Bridgewater Associates, the largest hedge fund in the world, is becoming a partnership in move that shifts power from founder Ray Dalio and his inner circle to more of the firm’s top executives.
The firm’s three co-chief investment officers, who are also its majority owners — Mr Dalio, Bob Prince and Greg Jensen — told Bridgewater employees on Thursday that the firm’s employees will have a say in management and governance.
The men have selected a group of “seed partners” who will be charged with deciding the make-up and direction of the partnership, along with a wider group of provisional partners.
Mr Dalio will remain in his roles as co-CIO and co-chairman, having relinquished his co-chief executive officer title in March last year.
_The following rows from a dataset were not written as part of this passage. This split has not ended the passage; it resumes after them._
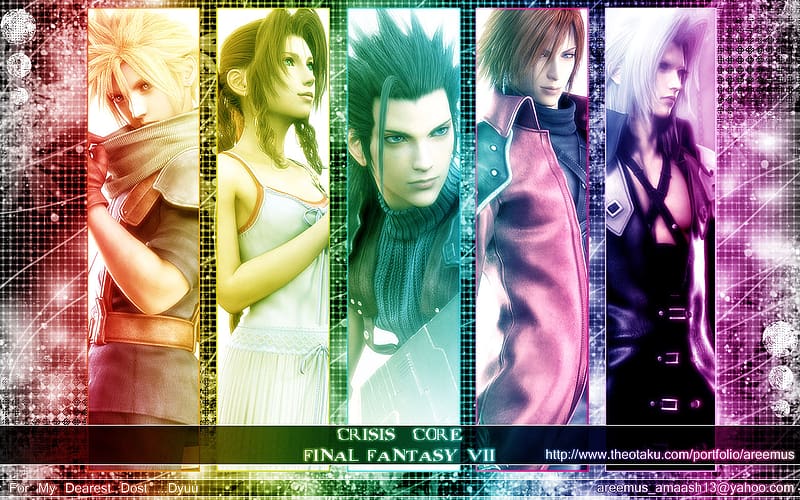 Video Game, Crisis Core: Final Fantasy Vii, Sephiroth (Final Fantasy), Cloud Strife, Aerith Gainsborough, Zack Fair, Genesis Rhapsodos, HD wallpaper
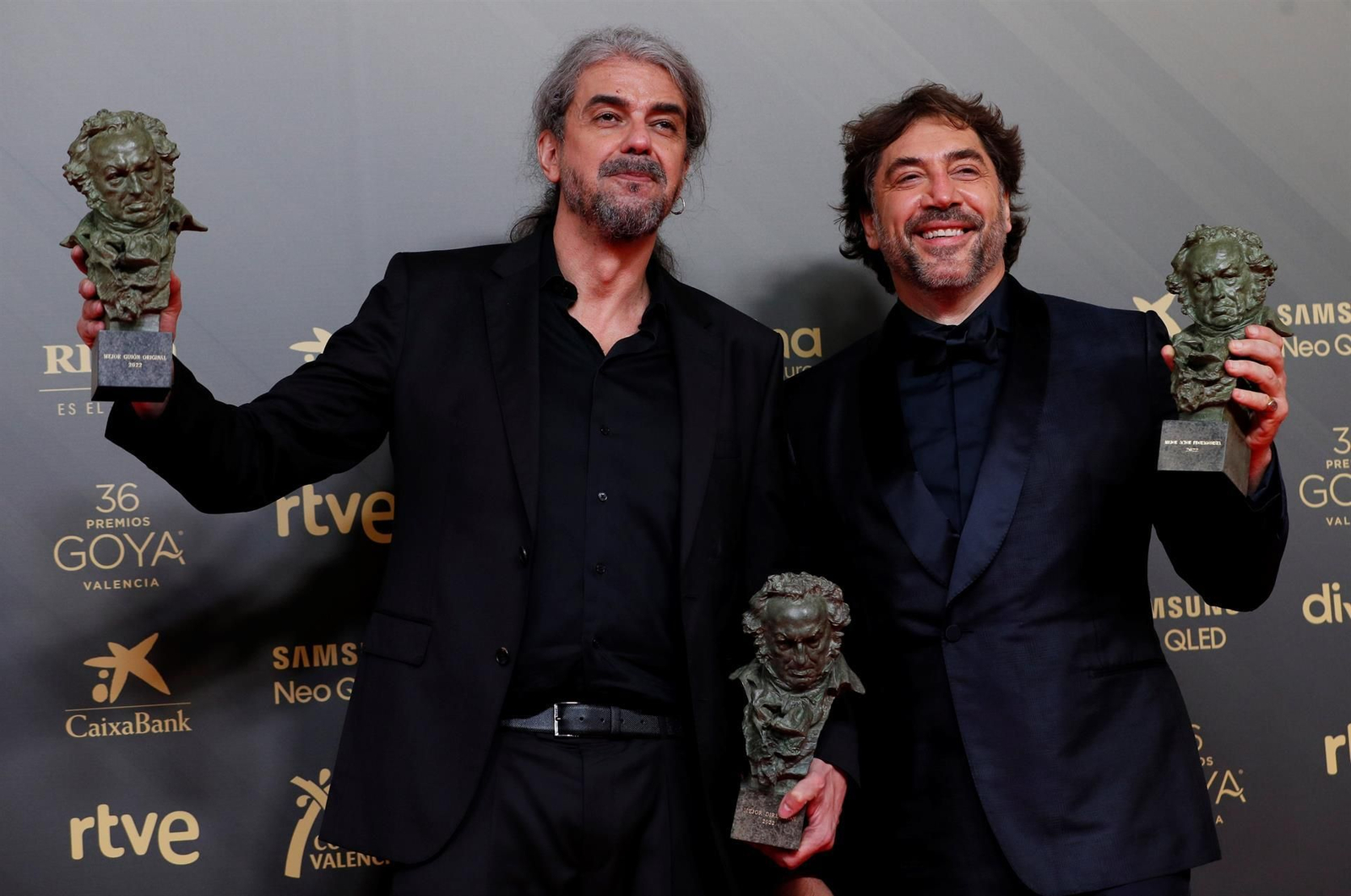 Las imágenes de los premiados en la gala de los Goya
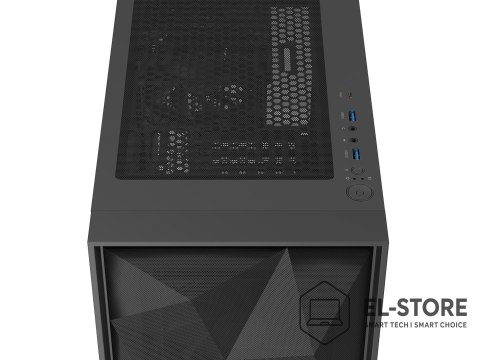 NATEC NATEC OBUDOWA GAMINGOWA GENESIS DIAXID 605F MIDI TOWER USB-C Z OKNEM CZARNA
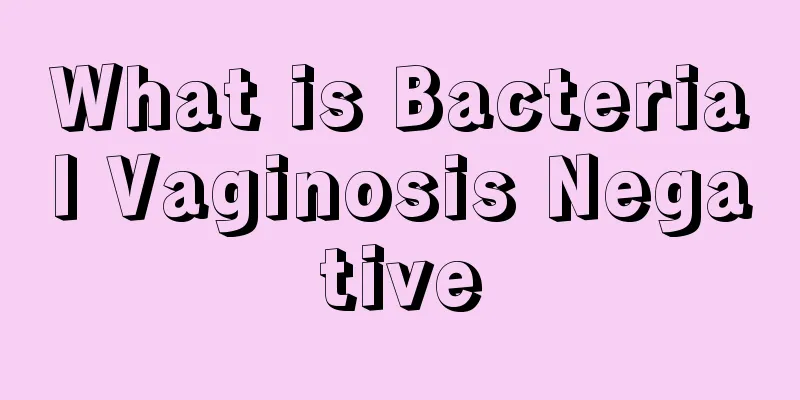 What is Bacterial Vaginosis Negative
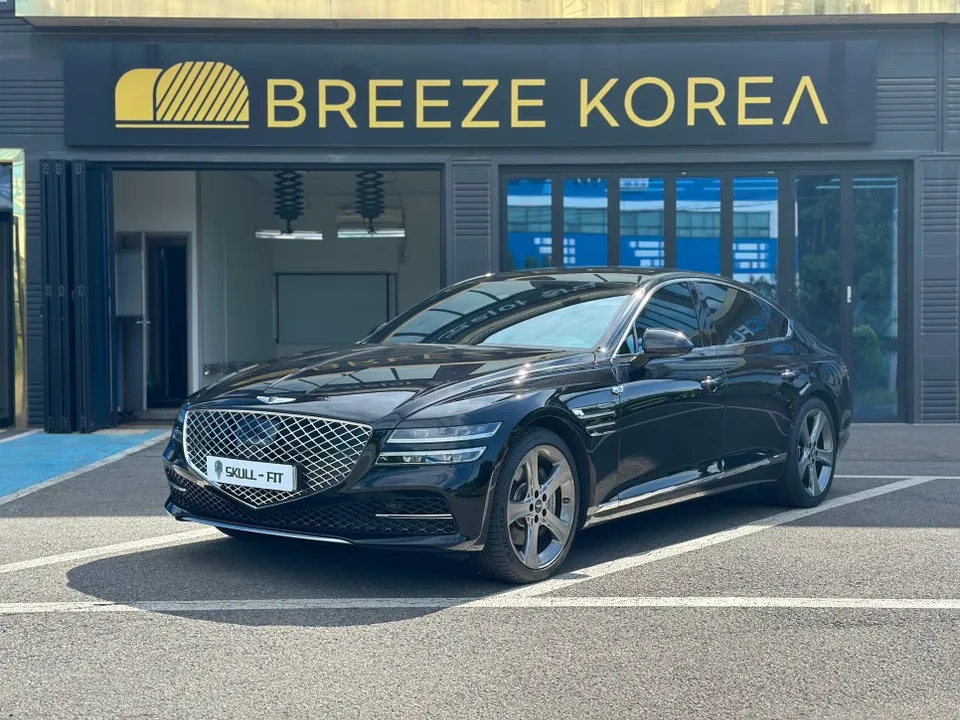 Genesis G80 PPF再施工事例｜韓国での保険修理 施工写真 2-3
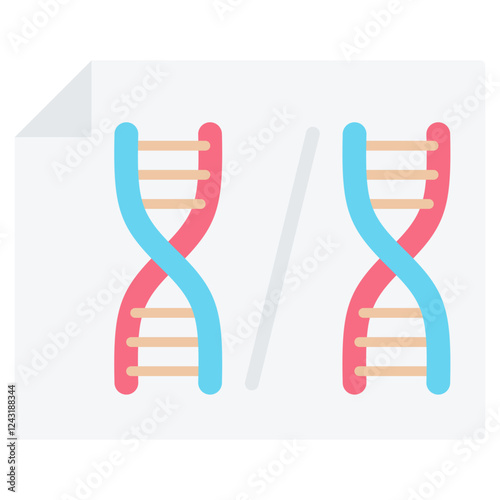 Comparative Genomics Flat Icon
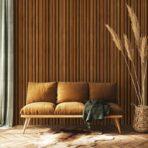 MDF Antibacterial Surface Wall Panel Light Cinnamon Colour Code APM201 - Image 4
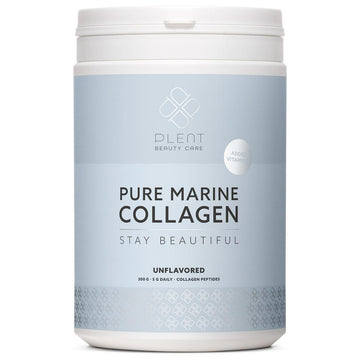 Plent Pure Marine Collagen Unflavored - Stay Beautiful - 5G Daily - Collagen Peptides - 300g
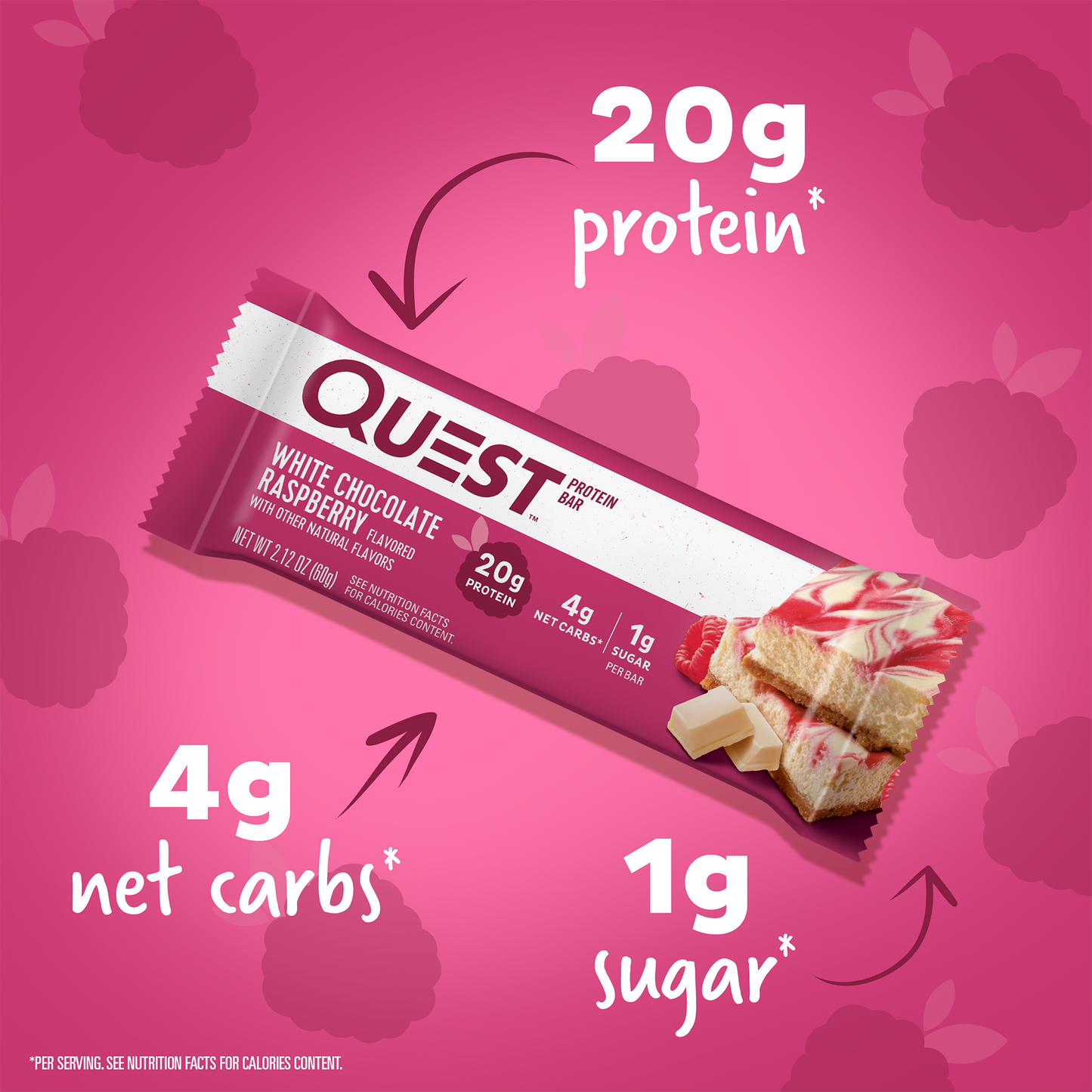 Quest White Chocolate Raspberry Protein Bars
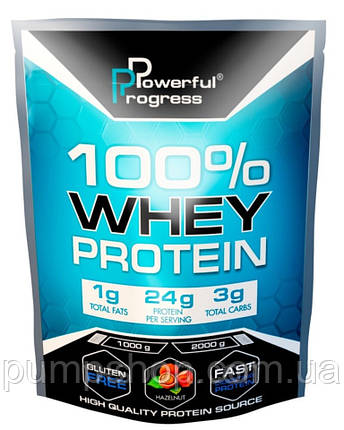 Сироватковий протеїн Powerful Progress 100% Whey Protein 2000 г ( різні смаки ), фото 2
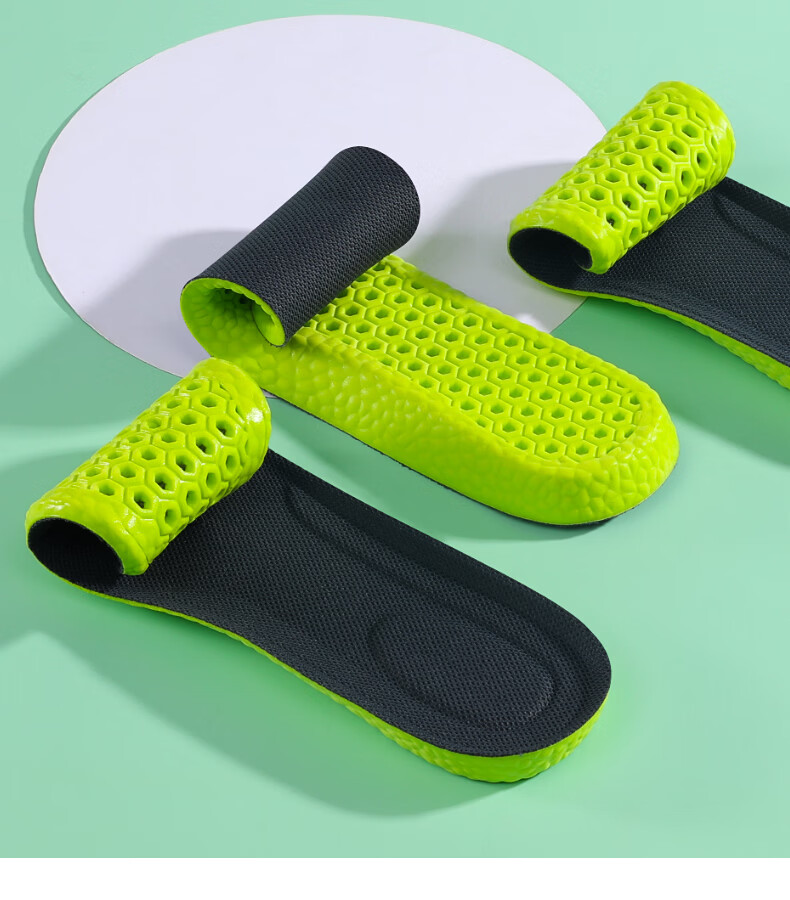 3515 Men's Sports Insoles Anti-Fatigue Antibacterial Odor-Resistant Thickened Shock Absorption Breathable Sweat-Absorbing Non-Stuffy Summer Military Training 19
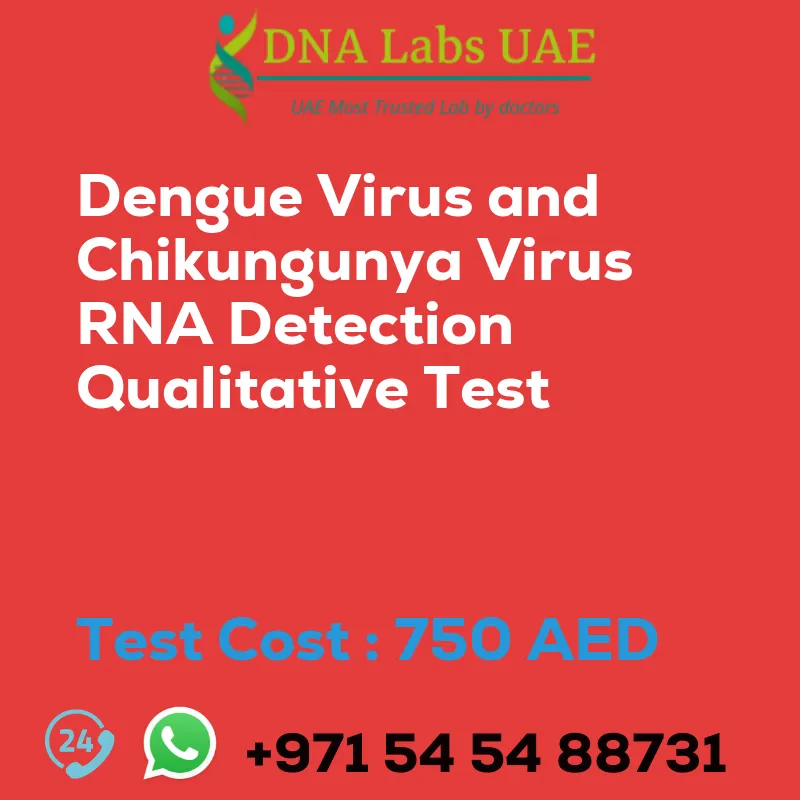 Dengue Virus and Chikungunya Virus RNA Detection Qualitative Test sale cost 750 AED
David McCormick and Eileen Murray are currently the co-CEOs.
Mr Dalio, 68, has struggled to let go of control at the hedge fund he founded in 1975 and built into one of the most successful in the world, now managing $150bn.
A once-favoured potential successor, Mr Jensen, was stripped of his title of co-chief executive in 2016 after a series of disagreements. Last year, Jon Rubinstein, a former Apple executive brought in as co-CEO, announced he would leave the firm after less than a year there.
Mr Dalio began the succession process in 2010 and said it would take up to 10 years. Last year, he said he planned to cut his hours from about 60 hours a week to around 50 but still expected “to remain a professional investor at Bridgewater until I die or until those running Bridgewater don’t want me any more”.
“Bridgewater is on the road few hedge funds have successfully travelled,” said Erik Gordon, a professor at the University of Michigan’s Ross School of Business. “It is trying to complete a generational transition. Its thick and no-hidden-politics culture gives it a better chance of succeeding than most funds have.”
Bridgewater is the highest-grossing hedge fund of all time, having made $49.7bn for its clients since its inception, according to an annual list compiled by LCH Investments, the fund of hedge funds run by the Edmond de Rothschild group.
It is known for its unique internal culture, where Mr Dalio imposes what he calls “radical truth and radical transparency”, encouraging employees to openly air disagreements and challenge each other.
The firm has said that about one in five people it hires fails to fit into the culture and leave within the first year.